Ce lien ne nous apparaît pas du tout évident et nous porte à craindre que certains utilisateurs d'œuvres envisagent la prolongation du droit d'auteur comme une occasion d'ajouter des exceptions supplémentaires à une Loi qui en compte déjà trop.

Même s'il est important d'aborder la question des œuvres orphelines et de celles inaccessibles sur le marché, la présente consultation ne nous semble pas le cadre approprié pour ce faire. En effet, ces questions fondamentales méritent davantage de réflexion que les 30 jours offerts ici et nécessitent une consultation spécifique pour éviter les confusions. Pensons par exemple aux œuvres inaccessibles sur le marché que le document définit comme « un livre publié dont le tirage est épuisé depuis de nombreuses années », situation qui survient fréquemment, souvent bien avant la mort de l'artiste. Cette question n'est donc aucunement liée à la durée du droit d'auteur.

Doit-on lire une volonté de lier au domaine public toute œuvre inaccessible sur le marché ? Il est évident que l'UNEQ ne peut considérer cette option comme envisageable.

Cela dit, dans un souci de coopérer à ces travaux et avec l'espoir que la Loi soit révisée dans les meilleurs délais, voici nos principales recommandations concernant le souhait du gouvernement de mettre en place un régime pour les œuvres orphelines ou les œuvres inaccessibles sur le marché.
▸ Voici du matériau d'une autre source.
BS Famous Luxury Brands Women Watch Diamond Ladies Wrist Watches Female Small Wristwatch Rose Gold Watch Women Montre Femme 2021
  • L'UNEQ est défavorable à l'obligation d'enregistrer ses œuvres littéraires pour bénéficier de la protection du droit d'auteur :
    • parce que cette formalité sera coûteuse ;
    • parce que la Convention de Berne, dont le Canada est signataire, proscrit ce type de démarche ;
    • parce que cela impliquerait plusieurs enregistrements pour une même œuvre (le manuscrit inscrit par l'auteur, la version inscrite par l'éditeur et, en cas de rétrocession des droits, une nouvelle inscription par l'auteur). Ce n'est pas un système adapté à notre réalité.
  • Établir une définition claire et concertée entre les parties prenantes de ce qu'est « une œuvre inaccessible sur le marché ».
  • L'option consistant à permettre l'utilisation des œuvres orphelines ou des œuvres inaccessibles sur le marché à des organisations à but non lucratif, comme les musées, archives ou bibliothèques, peut être envisagée, mais à plusieurs conditions :
    • une preuve tangible que des recherches ont été menées de bonne foi, notamment dans le cas des œuvres orphelines ;
    • une démarche effectuée par l'utilisateur auprès d'une société de gestion pour obtenir une autorisation d'utilisation (ce n'est pas au titulaire de droit de mener une démarche pour la réclamer à postériori) ;
    • la possibilité pour l'ayant droit de ne pas autoriser cette utilisation ;
    • une rémunération équitable établie par un système de licence.

5. Conclusion

L'UNEQ se réjouit que le Canada prolonge la durée du droit d'auteur. Ce progrès, rendu obligatoire par l'ACEUM, ne doit cependant pas être une occasion pour les représentants des utilisateurs d'ajouter de nouvelles exceptions à une Loi qui en contient trop.

L'UNEQ invite le gouvernement à différer la réflexion relative à la mise en place d'un régime de gestion des œuvres orphelines ou des œuvres inaccessibles sur le marché.

L'UNEQ souhaite que la question de l'utilisation dite « équitable » à des fins pédagogiques devienne rapidement la priorité des débats et des consultations.